(Brief descriptive captions)
"""

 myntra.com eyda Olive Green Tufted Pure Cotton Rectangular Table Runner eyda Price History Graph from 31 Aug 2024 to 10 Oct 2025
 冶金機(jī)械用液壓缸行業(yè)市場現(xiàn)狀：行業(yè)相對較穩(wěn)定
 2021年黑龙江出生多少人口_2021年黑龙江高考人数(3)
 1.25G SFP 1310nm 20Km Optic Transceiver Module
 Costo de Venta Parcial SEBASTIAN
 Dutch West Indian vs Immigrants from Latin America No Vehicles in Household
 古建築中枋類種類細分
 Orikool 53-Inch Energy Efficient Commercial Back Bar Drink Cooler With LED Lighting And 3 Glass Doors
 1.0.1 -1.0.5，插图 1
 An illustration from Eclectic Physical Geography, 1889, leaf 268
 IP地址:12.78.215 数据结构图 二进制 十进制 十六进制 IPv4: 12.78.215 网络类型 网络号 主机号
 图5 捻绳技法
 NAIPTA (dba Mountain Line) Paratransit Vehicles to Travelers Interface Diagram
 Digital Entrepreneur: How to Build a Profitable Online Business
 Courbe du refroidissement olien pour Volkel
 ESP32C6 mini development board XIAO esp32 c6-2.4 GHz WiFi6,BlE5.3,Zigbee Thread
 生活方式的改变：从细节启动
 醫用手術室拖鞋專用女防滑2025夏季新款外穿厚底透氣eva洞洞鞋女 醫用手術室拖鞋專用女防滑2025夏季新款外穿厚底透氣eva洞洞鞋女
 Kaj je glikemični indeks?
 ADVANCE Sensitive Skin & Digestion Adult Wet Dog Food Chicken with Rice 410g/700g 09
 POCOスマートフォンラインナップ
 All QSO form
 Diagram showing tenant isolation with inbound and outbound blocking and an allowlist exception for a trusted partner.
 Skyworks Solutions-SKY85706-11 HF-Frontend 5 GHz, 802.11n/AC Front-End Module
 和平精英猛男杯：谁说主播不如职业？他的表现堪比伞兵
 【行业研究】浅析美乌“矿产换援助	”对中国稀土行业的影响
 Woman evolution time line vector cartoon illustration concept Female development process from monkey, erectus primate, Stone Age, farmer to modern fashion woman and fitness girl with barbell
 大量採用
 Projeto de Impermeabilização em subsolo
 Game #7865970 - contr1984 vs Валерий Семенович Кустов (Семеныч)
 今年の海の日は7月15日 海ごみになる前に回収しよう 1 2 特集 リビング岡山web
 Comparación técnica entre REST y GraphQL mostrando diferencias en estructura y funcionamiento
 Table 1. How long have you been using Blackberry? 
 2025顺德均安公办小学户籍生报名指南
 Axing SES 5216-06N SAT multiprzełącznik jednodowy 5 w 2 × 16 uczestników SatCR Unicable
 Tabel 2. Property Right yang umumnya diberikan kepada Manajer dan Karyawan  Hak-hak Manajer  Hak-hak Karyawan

"""

## Exercise
Above are the entries; copy every line among them that contains the word "illustration".

## Your response
 An illustration from Eclectic Physical Geography, 1889, leaf 268
 Woman evolution time line vector cartoon illustration concept Female development process from monkey, erectus primate, Stone Age, farmer to modern fashion woman and fitness girl with barbell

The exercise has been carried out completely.